| What needs to be done |
Lines containing "White" should be pulled from the material below.
[Opening Task material section]
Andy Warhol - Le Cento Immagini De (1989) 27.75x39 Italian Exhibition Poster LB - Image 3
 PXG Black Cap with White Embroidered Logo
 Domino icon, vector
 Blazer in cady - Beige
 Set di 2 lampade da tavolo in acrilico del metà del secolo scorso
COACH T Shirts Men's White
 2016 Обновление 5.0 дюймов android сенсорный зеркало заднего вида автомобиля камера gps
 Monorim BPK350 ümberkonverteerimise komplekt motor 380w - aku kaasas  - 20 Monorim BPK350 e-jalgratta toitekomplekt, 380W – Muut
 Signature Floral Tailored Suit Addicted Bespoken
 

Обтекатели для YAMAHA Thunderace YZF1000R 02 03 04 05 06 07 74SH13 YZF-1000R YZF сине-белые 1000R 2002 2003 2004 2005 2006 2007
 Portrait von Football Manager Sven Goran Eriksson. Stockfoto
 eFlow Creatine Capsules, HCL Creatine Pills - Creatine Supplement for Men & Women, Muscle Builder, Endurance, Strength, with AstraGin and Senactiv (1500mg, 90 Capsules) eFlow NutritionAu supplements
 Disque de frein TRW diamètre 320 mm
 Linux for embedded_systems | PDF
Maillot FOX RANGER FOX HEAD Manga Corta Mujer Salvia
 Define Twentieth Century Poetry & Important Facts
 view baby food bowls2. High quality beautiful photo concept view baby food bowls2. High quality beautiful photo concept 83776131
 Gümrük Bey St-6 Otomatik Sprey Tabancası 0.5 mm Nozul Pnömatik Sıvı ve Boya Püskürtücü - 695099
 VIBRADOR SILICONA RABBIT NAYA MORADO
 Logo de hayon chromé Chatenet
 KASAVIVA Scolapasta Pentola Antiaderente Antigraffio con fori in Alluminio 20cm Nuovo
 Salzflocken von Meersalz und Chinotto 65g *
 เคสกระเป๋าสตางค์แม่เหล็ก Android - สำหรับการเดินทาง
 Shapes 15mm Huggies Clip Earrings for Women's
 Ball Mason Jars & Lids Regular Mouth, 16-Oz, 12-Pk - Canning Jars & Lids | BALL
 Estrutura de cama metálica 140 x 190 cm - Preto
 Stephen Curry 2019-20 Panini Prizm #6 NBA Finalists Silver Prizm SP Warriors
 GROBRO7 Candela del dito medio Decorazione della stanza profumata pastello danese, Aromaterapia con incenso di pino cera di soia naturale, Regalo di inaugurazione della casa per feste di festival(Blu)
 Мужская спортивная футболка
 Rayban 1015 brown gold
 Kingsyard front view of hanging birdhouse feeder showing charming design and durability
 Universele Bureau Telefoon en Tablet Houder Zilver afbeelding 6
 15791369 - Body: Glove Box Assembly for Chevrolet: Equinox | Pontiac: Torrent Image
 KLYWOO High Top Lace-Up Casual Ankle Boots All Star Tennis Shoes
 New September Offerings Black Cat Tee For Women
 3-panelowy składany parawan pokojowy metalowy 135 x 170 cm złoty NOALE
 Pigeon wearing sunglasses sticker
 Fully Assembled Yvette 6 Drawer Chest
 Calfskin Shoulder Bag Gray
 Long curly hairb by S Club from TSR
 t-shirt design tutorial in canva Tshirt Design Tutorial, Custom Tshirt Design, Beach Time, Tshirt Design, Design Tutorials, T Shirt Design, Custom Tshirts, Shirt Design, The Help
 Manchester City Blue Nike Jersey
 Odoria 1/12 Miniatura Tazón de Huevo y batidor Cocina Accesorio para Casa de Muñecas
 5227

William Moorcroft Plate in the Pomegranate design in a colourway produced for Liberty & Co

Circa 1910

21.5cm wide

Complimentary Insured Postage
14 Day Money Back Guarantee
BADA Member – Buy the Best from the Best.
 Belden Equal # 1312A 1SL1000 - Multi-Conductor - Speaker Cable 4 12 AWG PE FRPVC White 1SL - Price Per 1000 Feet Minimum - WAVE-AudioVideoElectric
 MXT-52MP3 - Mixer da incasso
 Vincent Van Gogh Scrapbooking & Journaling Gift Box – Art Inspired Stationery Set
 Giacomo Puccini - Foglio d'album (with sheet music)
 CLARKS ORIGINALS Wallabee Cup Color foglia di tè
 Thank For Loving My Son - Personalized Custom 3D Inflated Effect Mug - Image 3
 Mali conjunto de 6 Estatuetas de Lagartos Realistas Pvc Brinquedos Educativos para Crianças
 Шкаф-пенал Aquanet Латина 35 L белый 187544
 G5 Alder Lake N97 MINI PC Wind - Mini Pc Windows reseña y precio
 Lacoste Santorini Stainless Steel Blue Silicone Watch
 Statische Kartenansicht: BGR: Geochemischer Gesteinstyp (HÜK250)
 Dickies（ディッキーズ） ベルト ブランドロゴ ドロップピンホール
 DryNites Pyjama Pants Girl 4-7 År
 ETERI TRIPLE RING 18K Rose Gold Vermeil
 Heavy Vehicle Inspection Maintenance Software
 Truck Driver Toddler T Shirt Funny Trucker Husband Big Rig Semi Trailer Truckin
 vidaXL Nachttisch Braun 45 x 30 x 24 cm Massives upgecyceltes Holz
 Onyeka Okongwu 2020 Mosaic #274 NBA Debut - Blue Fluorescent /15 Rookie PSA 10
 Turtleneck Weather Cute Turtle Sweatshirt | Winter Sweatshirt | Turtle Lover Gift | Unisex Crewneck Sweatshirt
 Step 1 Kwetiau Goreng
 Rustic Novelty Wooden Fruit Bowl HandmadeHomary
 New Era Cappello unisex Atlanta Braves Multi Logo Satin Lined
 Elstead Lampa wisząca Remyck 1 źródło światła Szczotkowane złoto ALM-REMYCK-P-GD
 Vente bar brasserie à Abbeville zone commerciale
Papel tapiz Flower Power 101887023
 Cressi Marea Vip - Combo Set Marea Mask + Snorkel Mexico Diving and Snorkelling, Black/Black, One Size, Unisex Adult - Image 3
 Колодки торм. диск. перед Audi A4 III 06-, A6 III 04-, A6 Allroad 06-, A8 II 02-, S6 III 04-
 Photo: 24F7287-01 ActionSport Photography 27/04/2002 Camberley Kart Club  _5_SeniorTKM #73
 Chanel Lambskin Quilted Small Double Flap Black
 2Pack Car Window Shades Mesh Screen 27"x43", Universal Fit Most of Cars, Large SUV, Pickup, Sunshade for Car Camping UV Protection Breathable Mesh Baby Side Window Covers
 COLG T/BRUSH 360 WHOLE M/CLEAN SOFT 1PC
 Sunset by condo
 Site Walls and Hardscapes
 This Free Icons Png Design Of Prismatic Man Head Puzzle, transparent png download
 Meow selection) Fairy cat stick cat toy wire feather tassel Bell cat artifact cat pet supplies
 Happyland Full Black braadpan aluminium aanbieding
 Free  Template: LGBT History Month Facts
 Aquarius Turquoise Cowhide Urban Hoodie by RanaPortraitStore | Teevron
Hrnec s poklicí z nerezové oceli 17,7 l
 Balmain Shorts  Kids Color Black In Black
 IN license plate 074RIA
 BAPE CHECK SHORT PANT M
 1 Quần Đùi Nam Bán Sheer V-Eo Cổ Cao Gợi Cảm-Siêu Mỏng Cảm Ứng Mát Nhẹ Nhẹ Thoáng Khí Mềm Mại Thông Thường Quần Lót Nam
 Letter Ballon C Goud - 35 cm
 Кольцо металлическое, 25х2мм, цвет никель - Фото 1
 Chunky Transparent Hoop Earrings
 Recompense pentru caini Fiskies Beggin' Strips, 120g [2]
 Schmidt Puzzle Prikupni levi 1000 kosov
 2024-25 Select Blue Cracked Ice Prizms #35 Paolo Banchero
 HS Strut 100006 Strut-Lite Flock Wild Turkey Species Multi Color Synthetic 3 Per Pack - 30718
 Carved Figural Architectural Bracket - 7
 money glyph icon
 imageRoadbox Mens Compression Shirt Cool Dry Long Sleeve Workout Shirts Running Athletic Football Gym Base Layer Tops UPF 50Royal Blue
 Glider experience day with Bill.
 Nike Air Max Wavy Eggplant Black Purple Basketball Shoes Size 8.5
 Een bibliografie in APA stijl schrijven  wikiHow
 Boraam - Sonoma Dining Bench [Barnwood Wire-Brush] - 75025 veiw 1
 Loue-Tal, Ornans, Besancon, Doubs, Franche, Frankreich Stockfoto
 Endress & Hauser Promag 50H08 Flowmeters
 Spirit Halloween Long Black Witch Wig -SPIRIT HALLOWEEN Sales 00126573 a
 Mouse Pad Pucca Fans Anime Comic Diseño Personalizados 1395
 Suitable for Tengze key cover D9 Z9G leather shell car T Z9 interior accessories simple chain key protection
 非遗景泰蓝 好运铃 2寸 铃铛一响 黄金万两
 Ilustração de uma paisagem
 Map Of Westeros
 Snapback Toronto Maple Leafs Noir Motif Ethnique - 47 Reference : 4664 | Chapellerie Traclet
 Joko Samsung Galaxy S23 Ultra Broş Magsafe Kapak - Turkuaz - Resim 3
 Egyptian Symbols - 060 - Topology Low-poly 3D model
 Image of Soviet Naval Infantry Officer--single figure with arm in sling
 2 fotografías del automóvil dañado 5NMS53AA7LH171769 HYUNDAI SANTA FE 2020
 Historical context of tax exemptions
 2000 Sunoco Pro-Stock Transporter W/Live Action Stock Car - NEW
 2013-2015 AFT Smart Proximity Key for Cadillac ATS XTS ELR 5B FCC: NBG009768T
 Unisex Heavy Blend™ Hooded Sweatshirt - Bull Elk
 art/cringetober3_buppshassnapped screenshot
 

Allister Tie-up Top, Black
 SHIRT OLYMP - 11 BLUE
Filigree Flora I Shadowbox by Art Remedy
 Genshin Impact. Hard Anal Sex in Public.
[Closing Task material section]
| Expected output |
 PXG Black Cap with White Embroidered Logo
COACH T Shirts Men's White
 Belden Equal # 1312A 1SL1000 - Multi-Conductor - Speaker Cable 4 12 AWG PE FRPVC White 1SL - Price Per 1000 Feet Minimum - WAVE-AudioVideoElectric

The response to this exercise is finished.